Open-source and Java components used in applications remain a weak spot for the enterprise, according to a new analysis.

Java applications in particular are posing a challenge, with 97 percent of these applications containing a component with at least one known vulnerability, according to a new report from code-analysis security vendor Veracode.

Veracode’s annual security report is based on 300,000 assessments it has run on enterprise applications over the 18 months to March 31, 2016, and includes software from open-source projects, commercial vendors, large and small businesses, and software outsourcers.

The most common bug it has found in Java applications is a vulnerable version of a component called Apache Commons Collections, present in 25 percent of the Java applications it scanned.

This issue, a deserialization vulnerability that allowed remote code execution, came to light in November after researchers published exploits using the bug for JBoss, IBM WebSphere, Jenkins, OpenNMS, and the Oracle WebLogic server.

“The Java deserialization vulnerability in Apache Commons Collections is an interesting example of an open-source, third-party component vulnerability, because it went from unknown to critical and highly exploitable, and because it was widely used in a variety of standard ‘infrastructure’ applications; web servers, application servers, CI servers,” noted Veracode.

“It’s worth noting that the issue was not just in the infrastructure applications, but in any application that uses Apache Commons Collections v.3.0 – 3.2.1 or 4.0. Addressing this vulnerability requires a broader response than just patching servers; it requires visibility into the component supply chain for all your applications.”

The company also takes a swipe at assurances from commercial vendors that their products are free from vulnerabilities.

Veracode found that 39 percent of applications developed internally by organizations complied with the OWASP top 10 project standard, compared with just 25 percent commercially-developed applications submitted on behalf of enterprise users.

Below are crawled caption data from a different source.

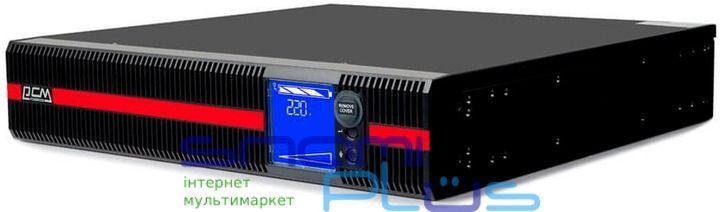 ДБЖ Powercom MRT-1500, 1500 Вт, 2 х EURO Schuko, LCD (MRT1500 RM LCD) 299494 фото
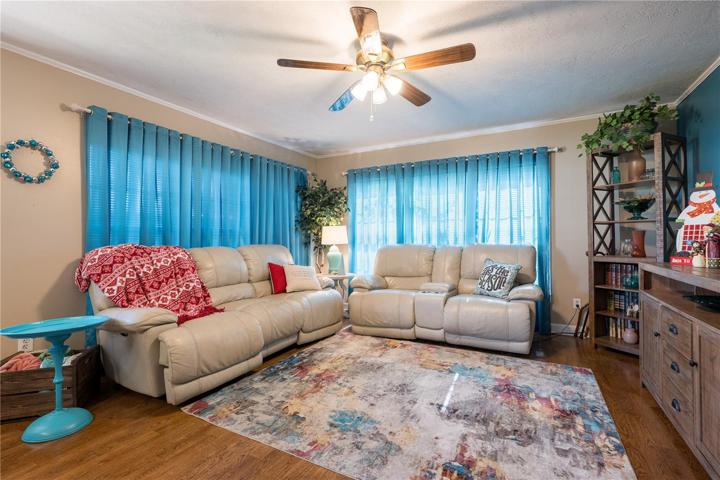 Family room off of the kitchen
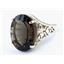 Sterling Silver Ladies Ring, Smoky Quartz, SR049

“This finding puts to bed vague vendor hype around unsubstantiated efforts to build assurance into their products. It reaffirms the need for organizations to demand better proof of software security from their vendors and to perform due diligence around all applications, including commercial software,” Veracode said.

The most common vulnerabilities in applications include information leakage and cryptographic issues, which affected 72 percent and 65 percent of applications.

It also found that just over a third of all applications had hard-coded passwords, while 39 percent used broken or risky cryptographic algorithms.